AVS 56th International Symposium & Exhibition
    Surface Science Tuesday Sessions
       Session SS2-TuM

Paper SS2-TuM1
Surface Structure of the Pd-H System

Tuesday, November 10, 2009, 8:00 am, Room N

Session: Reactions on Metals and Bimetallics
Presenter: K.F. McCarty, Sandia National Laboratories
Authors: K.F. McCarty, Sandia National Laboratories
B. Santos, Universidad Autónoma de Madrid, Spain
T. Herranz, Intituto de Química-Física "Rocasolano", Spain
J.I. Cerda, Instituto de Ciencias de Materiales de Madrid, Spain
J.M. Puerta, Instituto de Ciencias de Materiales de Madrid, Spain
J. de la Figuera, Intituto de Química-Física "Rocasolano", Spain
Correspondent: Click to Email
Palladium hydride, PdH, is the model transition-metal hydride. Surface-science studies of PdH are scarce for two reasons. First, hydrogen pressures in the 10’s of torr range are needed to form PdH near room temperature. Second, the expansion of the lattice that occurs during hydride formation tends to destroy Pd single crystal. To overcome this latter problem, we use thin epitaxial films of Pd(111) on Ru(0001) and W(110) to examine the surface science of the Pd-H system. To achieve an effective higher hydrogen pressure, we expose the Pd films to atomic H. We use low-energy electron diffraction (LEED) to characterize the Pd surface after H exposure.

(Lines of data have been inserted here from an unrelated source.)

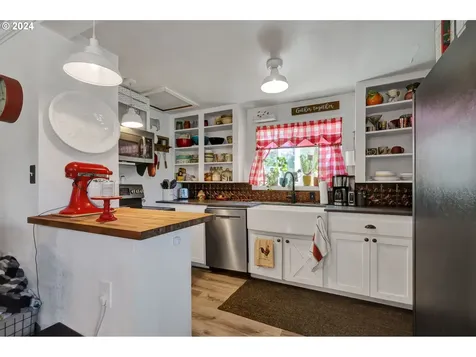 334 N 8th Street Cottage Grove OR 97424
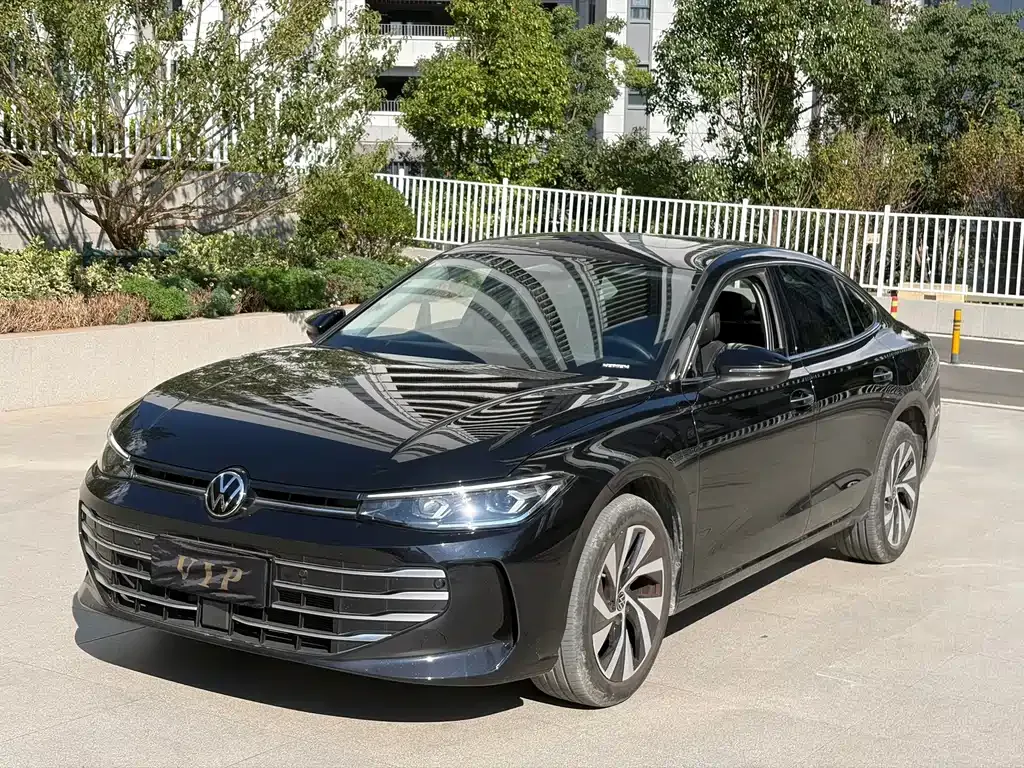 Volkswagen Passat — фото 1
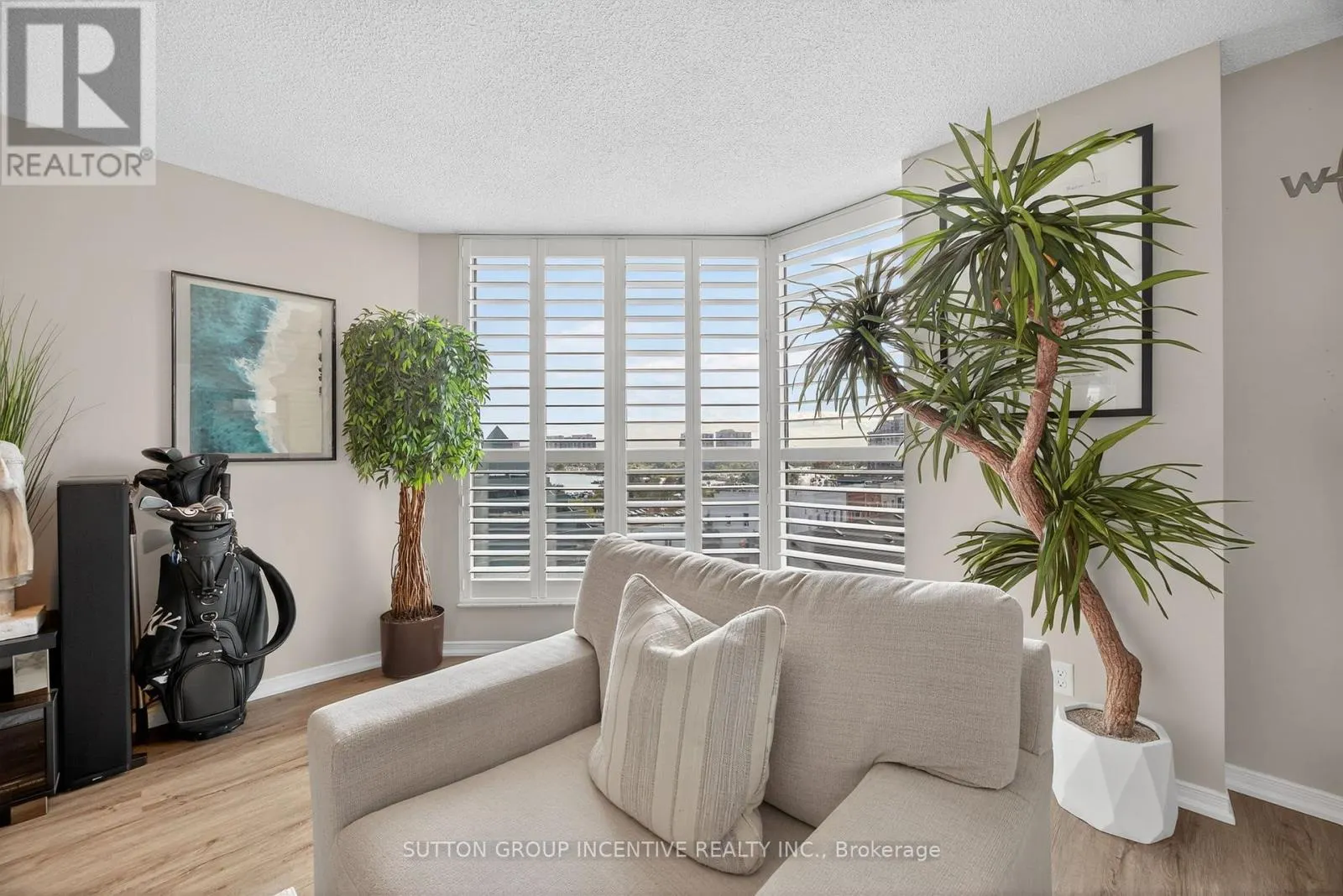 505 - 140 DUNLOP STREET E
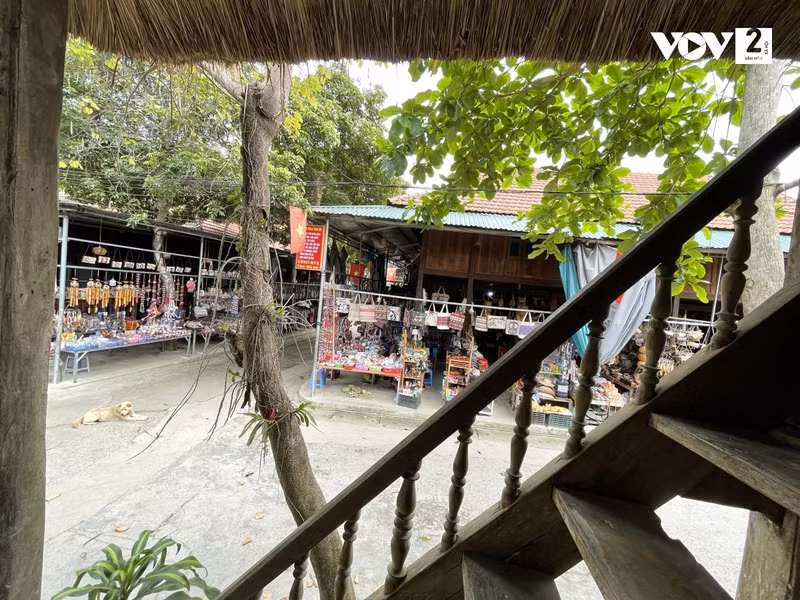 Las casas sobre pilotes en Ban Lac son altas, de unos dos metros sobre el suelo, sostenidas por pilares de madera maciza. Sus techos están cubiertos de hojas de “goi” (Livistona saribus) o “may” (Calamus tetradactylus Hance) y sus grandes ventanales dejan entrar la brisa.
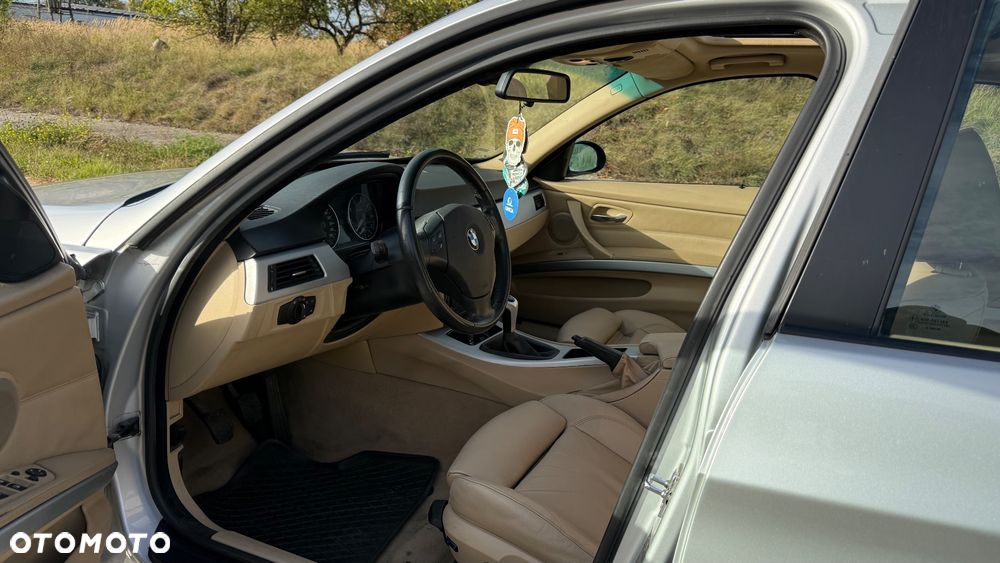 BMW Seria 3 320i - 23
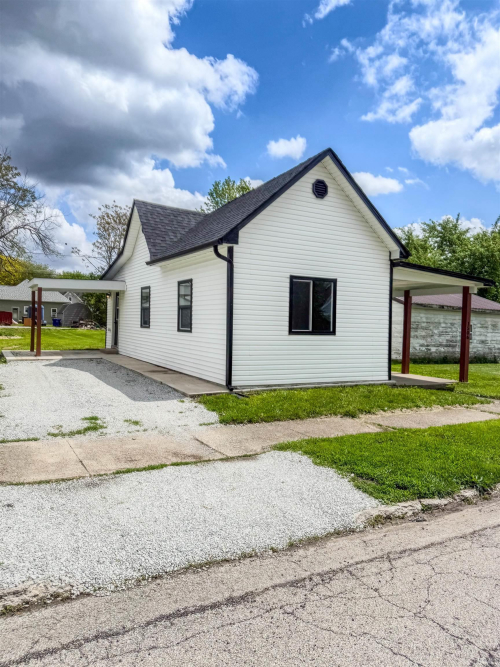 Listing Image 3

By performing the LEED in a low-energy electron microscope (LEEM), we are able to collect diffraction data from the same, atomically flat regions before and after H exposure. Detailed analysis of the LEED IV curves shows that exposure to atomic H at about 200K expands the interlayer spacing of the top two Pd layers but does not affect deeper layers. We interpret these changes as the formation of a surface hydride. Exposure to atomic H while cooling from above room temperature also produces the surface hydride. The lack of diffusion deeper into the film suggests that an energy barrier inhibits diffusion past the second Pd layer. The synthesis of a bulk hydride was attempted by exposing a Pd film to 40 torr of hydrogen and then reducing the pressure after cooling. The resulting material presented sharp, 3-fold diffraction patterns with an IV response different than the surface hydride. We will discuss the structure of this material, which we tentatively assign to a bulk PdH.